(Beginning of LISTED RECORDS)
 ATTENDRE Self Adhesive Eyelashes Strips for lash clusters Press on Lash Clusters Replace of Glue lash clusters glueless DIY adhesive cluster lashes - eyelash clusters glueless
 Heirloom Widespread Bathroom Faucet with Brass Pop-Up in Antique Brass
(End of LISTED RECORDS)
(Beginning of LISTED RECORDS)
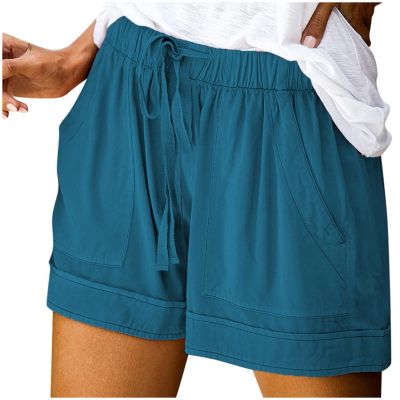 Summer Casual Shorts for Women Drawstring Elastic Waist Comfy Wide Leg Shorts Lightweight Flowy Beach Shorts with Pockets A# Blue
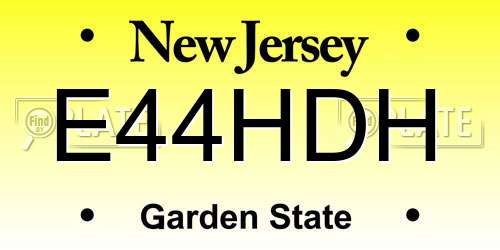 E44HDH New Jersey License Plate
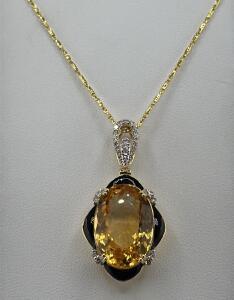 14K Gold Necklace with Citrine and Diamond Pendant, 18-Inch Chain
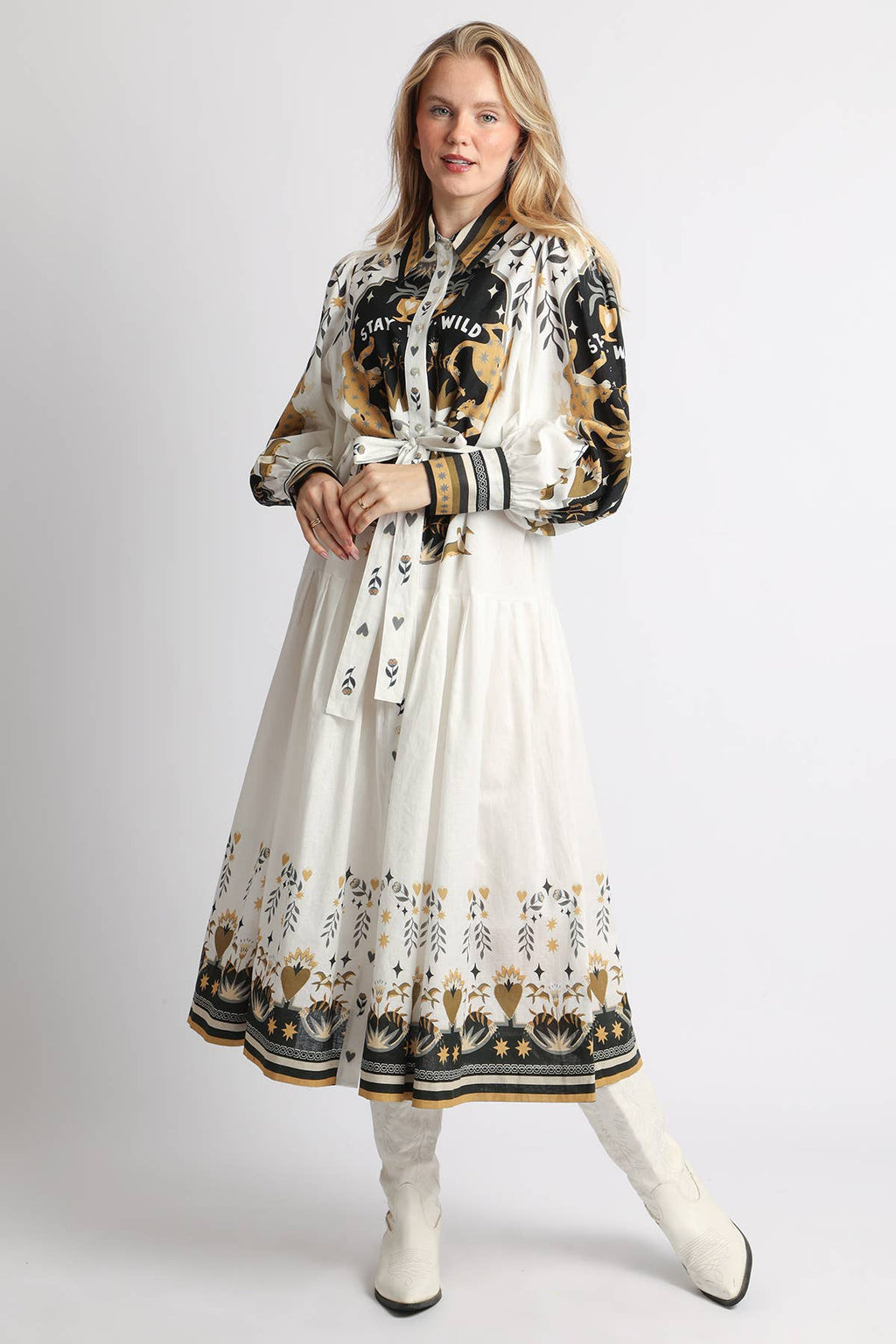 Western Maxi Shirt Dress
(End of LISTED RECORDS)
(Beginning of LISTED RECORDS)
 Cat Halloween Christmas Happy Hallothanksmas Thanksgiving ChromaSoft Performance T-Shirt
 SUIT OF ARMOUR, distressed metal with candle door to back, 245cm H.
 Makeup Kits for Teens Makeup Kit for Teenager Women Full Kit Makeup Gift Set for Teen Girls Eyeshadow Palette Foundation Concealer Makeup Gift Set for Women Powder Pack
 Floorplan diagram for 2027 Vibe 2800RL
(End of LISTED RECORDS)
**GOAL OF THE EXERCISE**
Range to print from the listing above: from the line with "E44HDH New Jersey License Plate" up to and including the line with "Western Maxi Shirt Dress". Please print those lines exactly, with no pictures and nothing more.

**TASK SOLUTION**
 E44HDH New Jersey License Plate
 14K Gold Necklace with Citrine and Diamond Pendant, 18-Inch Chain
 Western Maxi Shirt Dress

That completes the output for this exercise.